Paul Hersey and Ken Blanchard arrived at The Skill Will Matrix back in the 1970s, as an extension of the Situational Leadership framework co-developed by them. Over the last hundred years, several tools and mental models have shaped Management and Leadership practices. Performance Management and Talent Development have been popular themes for these endeavors.
Skills are the specific learned abilities needed to perform a given job well. Will is the willingness to execute a role as desired by the Organization. The Skill Will conundrum exists because one does not guarantee the other unless there is a focussed effort resulting from the awareness of their individual states.
The Skill Will Matrix essentially is a matrix, that has Four Boxes or Quadrants. Along the x-axis is the Will measure and along the y-axis is the Skill measure. Each of these has two variations – High and Low. A combination of these gives rise to four possibilities(boxes/quadrants):
- Low Skill – Low Will
- High Skill – Low Will
- Low Skill – High Will
- High Skill – High Will
A Team Member could fall in any of these Four Boxes. The Matrix further defines what must be a Leadership Approach to each of these four considerations in order to optimize employee performance. The implied takeaway is that a common leadership approach does not fit all four considerations. How a leader expends her energy on a Low Skill – Low Will employee would be different from that spent on a High Skill – High Will employee. Needless to say, there are other variables such as the complexity of the job, the experience level of the employee, the learning agility of the employee, and so on.
A Leader’s take on the Skill Will Matrix
The Skill Will Matrix has mostly been seen from a Leader’s perspective like in the below Matrix. It has been a Leader’s Hack, and rightly so, to begin with! The leader (manager) is the bridge between the Team Member and the Organization. The leader has the vantage view to see the Team as a whole, the individual Team Member, the business outcomes and the organizational priorities.
A Leader’s pursuit around this Matrix will only be successful when it has the participation of the employee. Often times the leader has made a qualitative interpretation of the Skill-Will status of a Team Member in isolation. It continues to be a Leader’s Hack, until it remains as the knowledge that is not harnessed for the Team Member in an equal manner, by the Leader. A logical next step is for the Team Member to have a common understanding of her positioning in line with the Leader. In the absence of this, the Leader might end up applying an incorrect strategy such as Supervising instead of Coaching.
Skill Will Matrix to the rescue of the Team Member actually sitting in the Matrix
The Skill-Will Matrix must also serve the Team Member. The Team Member must know what is in it for me. This forms the basis of a partnership with the Leader, which is required for successful and actionable next steps.
In a certain sense, the Leader and the Team Member are accountability partners to each other. The hacks presented for both roles, in each Box, are quite intuitive. The leader’s role is to share with the Team Member where she stands and receive the Team Member’s perspective. Concurrence is not the direct goal, but calibration is an important outcome. Once there is an agreement on the Quadrant, the rest is easy.
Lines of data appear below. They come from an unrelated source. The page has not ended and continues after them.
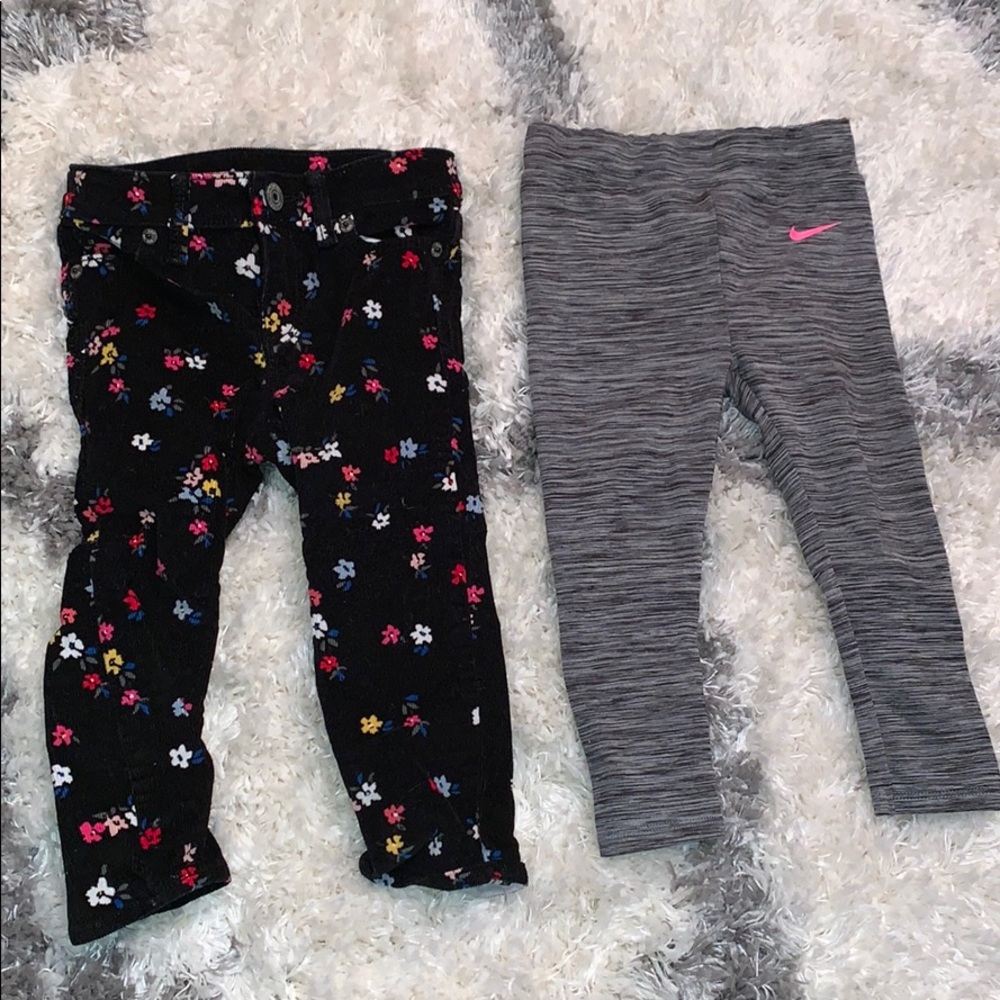 Toddler girl bundle of 2 (pants and legging)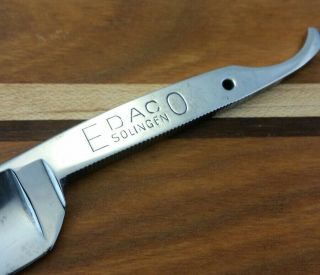 Vintage Edaco Solingen Straight Razor 5/8 Blade Only Etched 3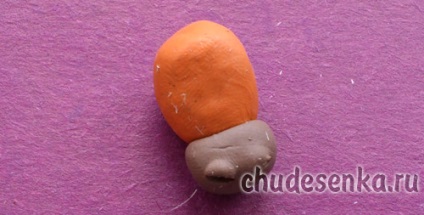 Giraffe plastilină (modelare lut) Girafa din plastilină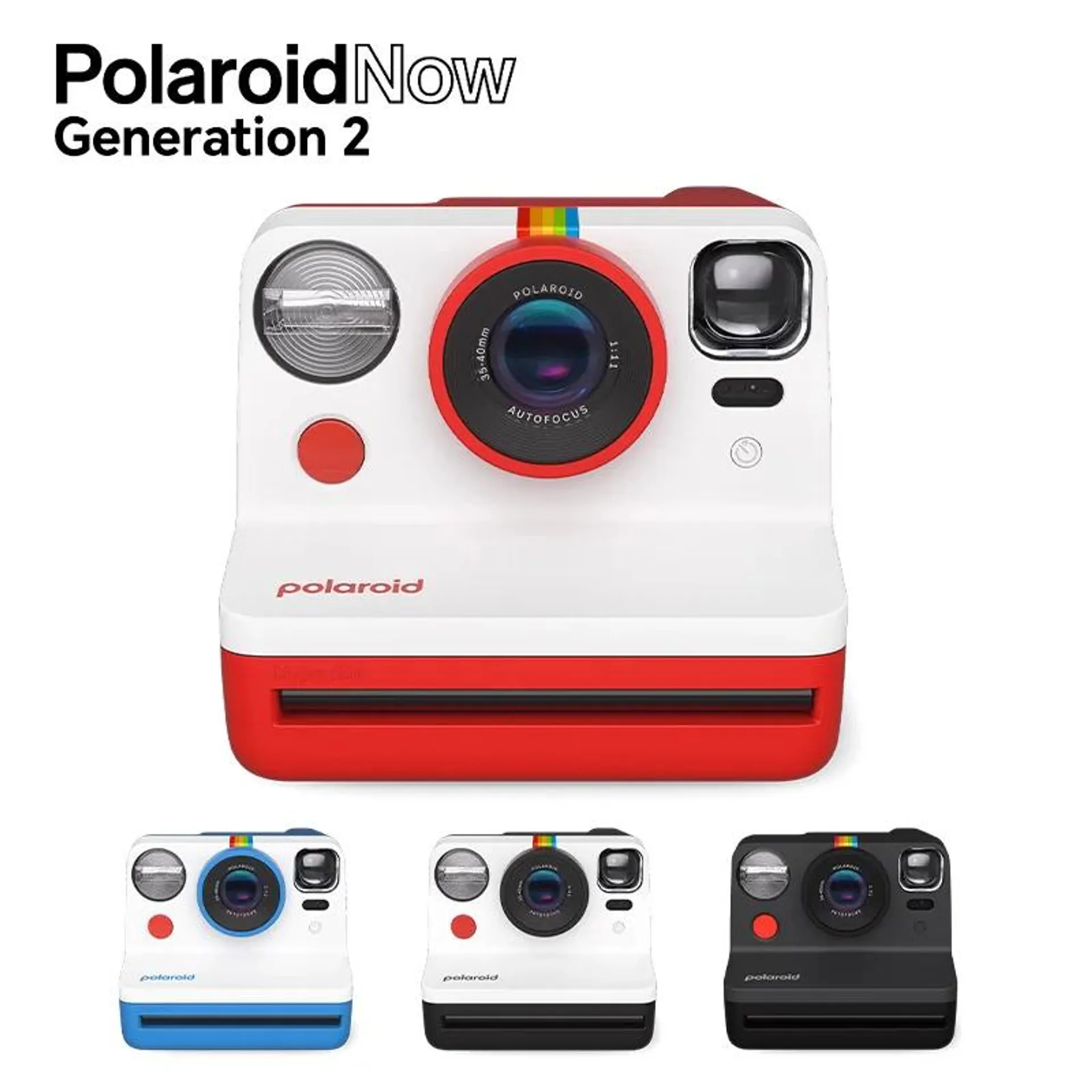 Polaroid Now+ 2nd Generation I-Type Instant Film Bluetooth Connected App Controlled Camera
The lower scale Quadrant positioning can be challenging for the Leader to put across, nevertheless, a direct message is the shortest route to progress. This can be a surprise to the Team Member, and there are chances for the Team Member to get defensive. The best time to have this discussion is during periodic 1-1s, and not necessarily during a performance evaluation discussion. It is important to drive home the point that this is a medium to long-term journey.
Organization’s angle to the Skill Will Matrix
Another important understanding for both the Leader and the Team Member is for the two to recognize the Organizational perspective of the Skill Will Matrix.
This understanding is critical to both the Leader as well as the Team Member. Once they are able to connect from an Organizational Perspective, it tends to be less personal and the two can transact on a higher plane. Intent and purpose are better defined, and progress is more tangible.
An ideal Workflow for using the Skill Will Matrix in an organization
The Skill Will Matrix cannot be a secret that resides with the Leader. It is just half the journey. For tangible and actionable outcomes the Team Member’s positioning must be shared directly with a context of coaching rather than performance assessment. After this, the two must be able to relate with the Organizational perspective of the Four Quadrants. This propels actionable efforts and instills in the Team Member a motivation to get better. A likely workflow can be seen as below:
- Manager (Leader) to assess Four Box positioning of the Team Member
- Manager to share the placement with the Team Member, come to an agreement on the positioning
- Manager and Team Member to connect with Organizational Perspective
- Jointly work on improving the status, and hold each other accountable on the desired journey (define Goals, etc.)
Every Quadrant needs a special deep-dive. A 360-degree approach to using this Skill Will Matrix is fundamental to its success. The success lies in the partnership that is struck using the Skill Will Matrix.